そしてつい最近まで入手可能なマクリーンの作品は『女王陛下のユリシーズ号』のみだったが、一昨年に27年ぶりに行われた週刊文春によるオールタイムベスト100の選出でデビュー作が再びランクインしたことの影響を受けてかは解らないが、昨年冒険小説フェアの1冊として復刊された。

ドイツ軍が誇る難攻不落の要塞にあらゆる攻撃を掛けては苦渋と辛酸を舐めらされたイギリス軍が最後の手段として取った方法がゲリラ攻略。世界的に有名な登山家キース・マロリー大尉をリーダーとして潜入不可能と云われるナヴァロン島に侵入し、要塞が誇る巨砲を撃破せよというのがストーリーの概要だ。

『女王陛下のユリシーズ号』でもそうだったが、マクリーンのキャラクター造形の深みには堪らない物がある。

世界的登山家と云う勇名を馳せたチームの指揮官キース・マロリー大尉は陸軍にいてもなお、冷静沈着かつ慎重な注意力を持ちながらも、決断の速さで電光石火の如く、目の前に立ち塞がる難題に立ち向かう。

そして彼の片腕であるギリシア人のアンドレアは無類なき怪力を誇る大男ながら、俊敏な動きで敵に対処し、容赦なく命を奪う。しかし自らの殺戮を後悔しないことはない。さらにマロリーとは長年苦楽を共にしてきた鏡のような男なのだ。

フケツのミラーと仇名されるアメリカ人はだらしない風貌ながら破壊工作のエキスパートで爆弾の扱いはピカイチの腕を誇る。

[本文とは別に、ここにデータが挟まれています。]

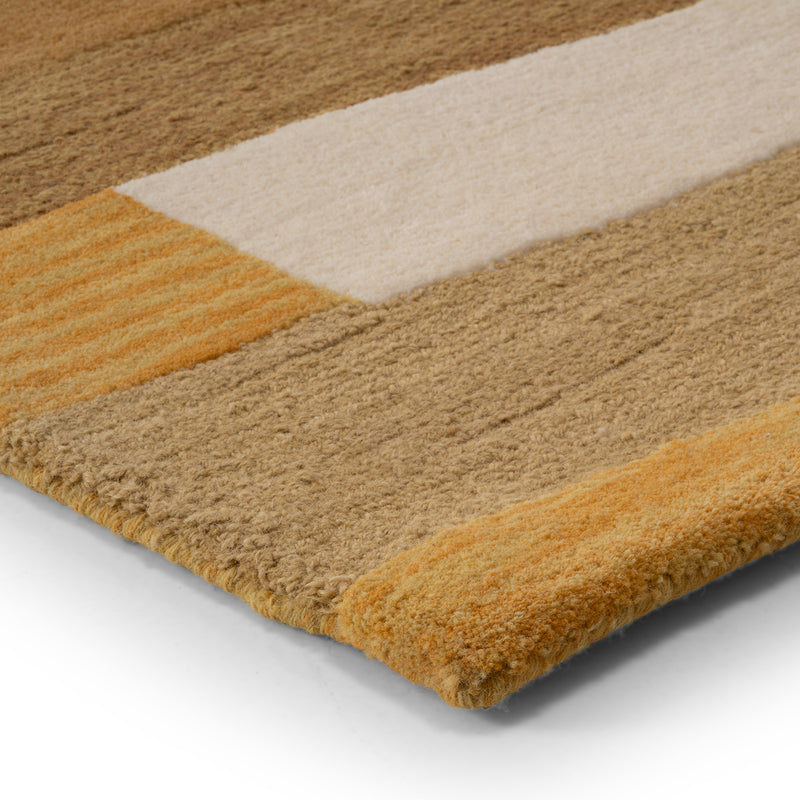 Labyrinthe Rug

ケイシー・ブラウンはメカのプロでどんなに老朽化した装置や乗り物でも豊富なメカの知識と粘り強さでチームの後方支援を行う。

唯一マロリーと初めて仕事をするの若き大尉アンディー・スティーヴンズは一流の登山家であることで選ばれた。しかしその登山技術は有名な探検家であり登山家であった父親と運動神経抜群の2人の兄に対するコンプレックスから生まれた賜物であり、常に何らかの恐怖心を持ち、それを克服することで勝ち得たものだった。つまりチームの中での不確定要素的存在だ。
本書で私が最も印象に残ったキャラクターはこのアンディー・スティーヴンズ大尉だ。恐怖心を常に持ち、それを克服することで自らの地位を固めてきた彼が他のメンバーに自分の弱さを見せたことを悔い、さらに深手を負ってメンバーの足手まといになることを潔しと思わない男が最後に辿り着く恐怖心が雲散霧消した心理で仲間の為に楯になって戦う姿は物語で終始謝り続け、満身創痍の中で苦難していた者が最後に自分らしく生きることを見出した清々しさを感じた。『女王陛下のユリシーズ号』の水雷兵ラルストンを想起させる。

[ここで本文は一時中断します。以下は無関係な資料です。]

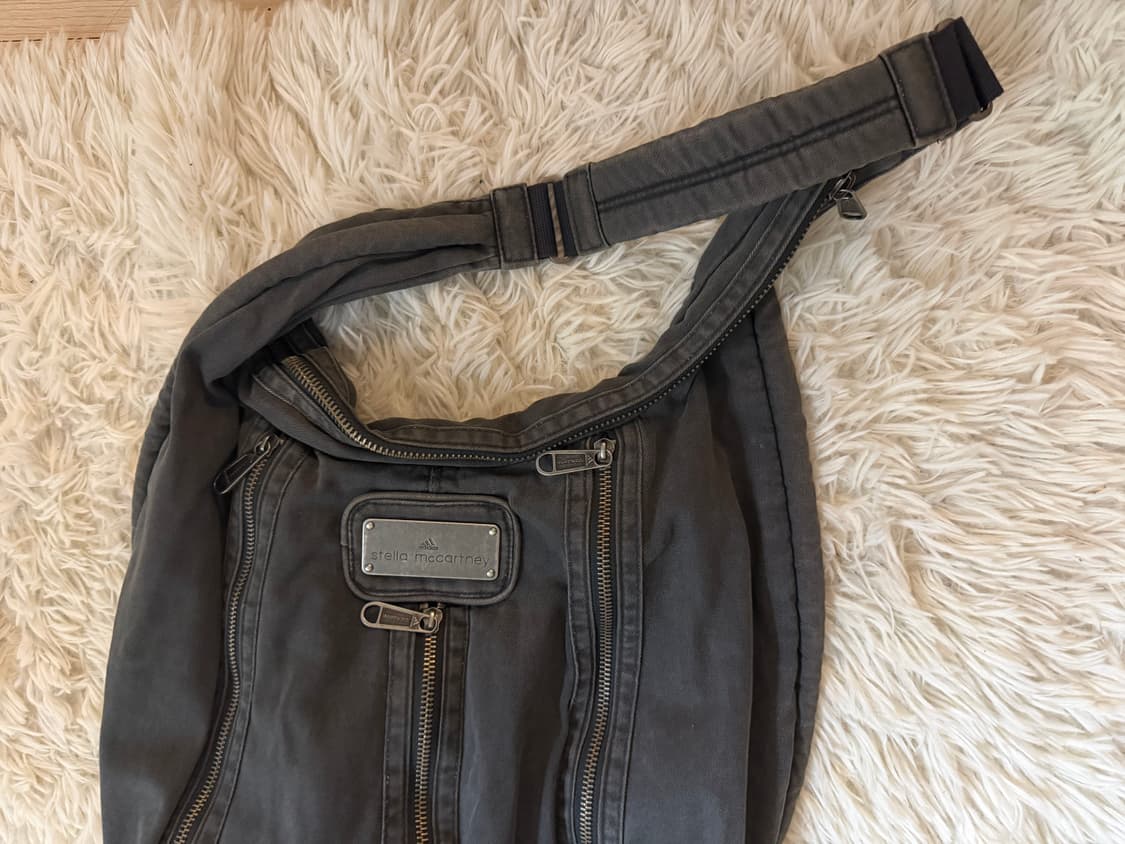 adidas stella mccartney shoulder bag 상품이미지6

この愛すべき精鋭たちを迎え撃つのはナヴァロンの要塞のみならず、配備されたドイツ軍はもとより限られた時間と自然の猛威、そして進攻を妨げる地形だ。

航行中にドイツ軍の機帆船による臨検を乗り越え、自船の機械トラブルに、更にはドイツ軍がイギリス軍が駐屯するケロス島襲撃のリミットが一日早まるに至る。そして島に上陸するにも突如発生した暴風雨で船舶が上下左右に揺さぶられ、断崖に叩き付けられながら沈没寸前で断崖絶壁に取りつく、そしてそのために食糧や燃料を落としてしまうなど、ありきたりな表現だが、スリルとサスペンスの連続なのだ。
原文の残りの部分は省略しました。